• Data records:
BEGIN

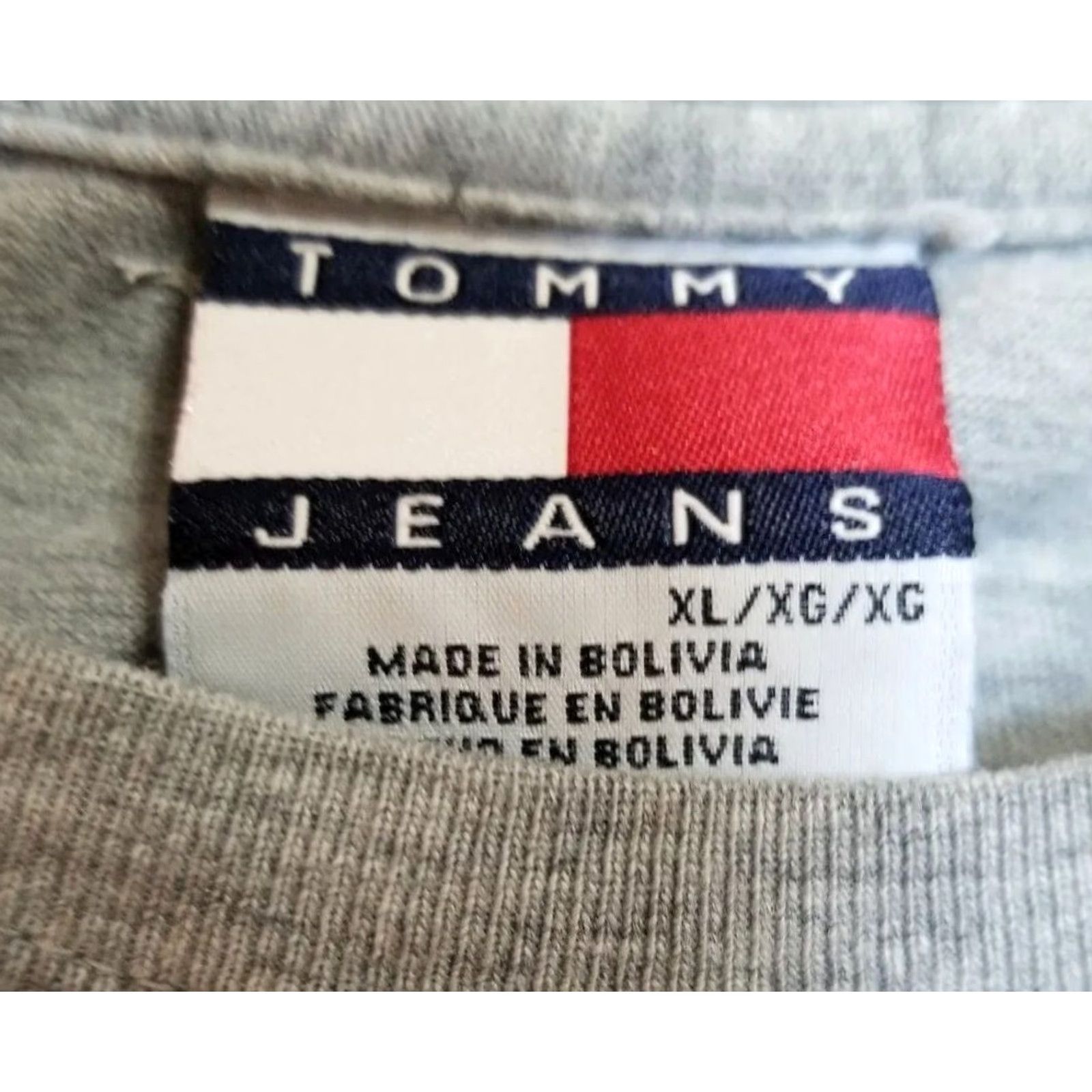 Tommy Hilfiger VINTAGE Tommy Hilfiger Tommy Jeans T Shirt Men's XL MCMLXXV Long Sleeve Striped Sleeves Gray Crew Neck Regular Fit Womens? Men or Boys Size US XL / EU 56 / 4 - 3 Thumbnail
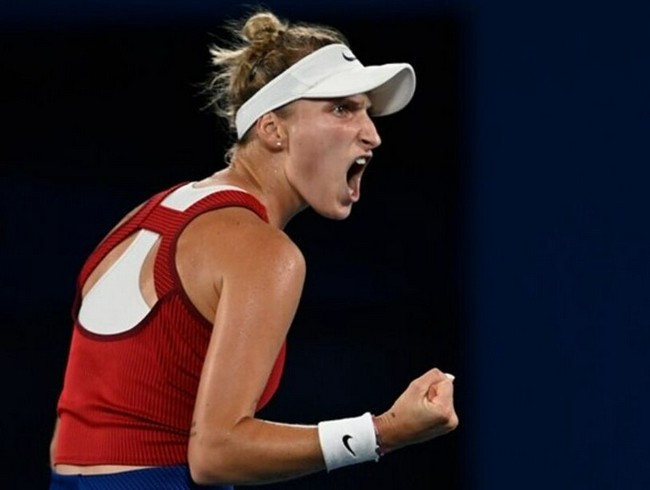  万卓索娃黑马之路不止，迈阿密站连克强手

END
BEGIN

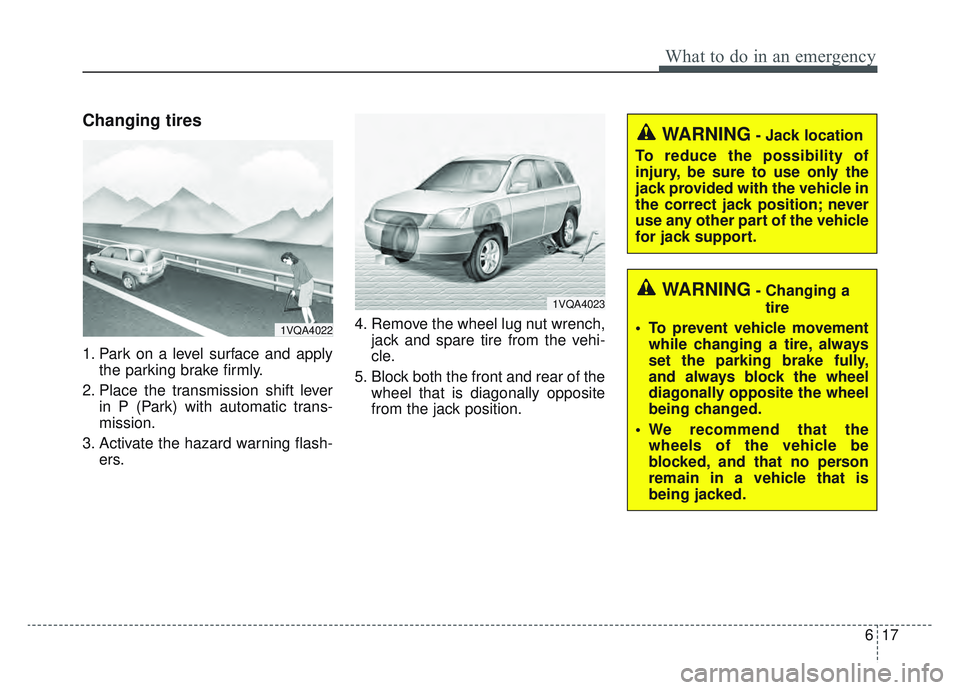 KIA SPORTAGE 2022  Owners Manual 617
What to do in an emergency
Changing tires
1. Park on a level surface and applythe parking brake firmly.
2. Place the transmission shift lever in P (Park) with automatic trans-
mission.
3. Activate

END

• What needs to be done:
Copy out, exactly and alone, the lines of the entries above between the ones holding "What to do in an emergency" and "3. Activate", inclusive.

• Exercise output:
What to do in an emergency
Changing tires
1. Park on a level surface and applythe parking brake firmly.
2. Place the transmission shift lever in P (Park) with automatic trans-
mission.
3. Activate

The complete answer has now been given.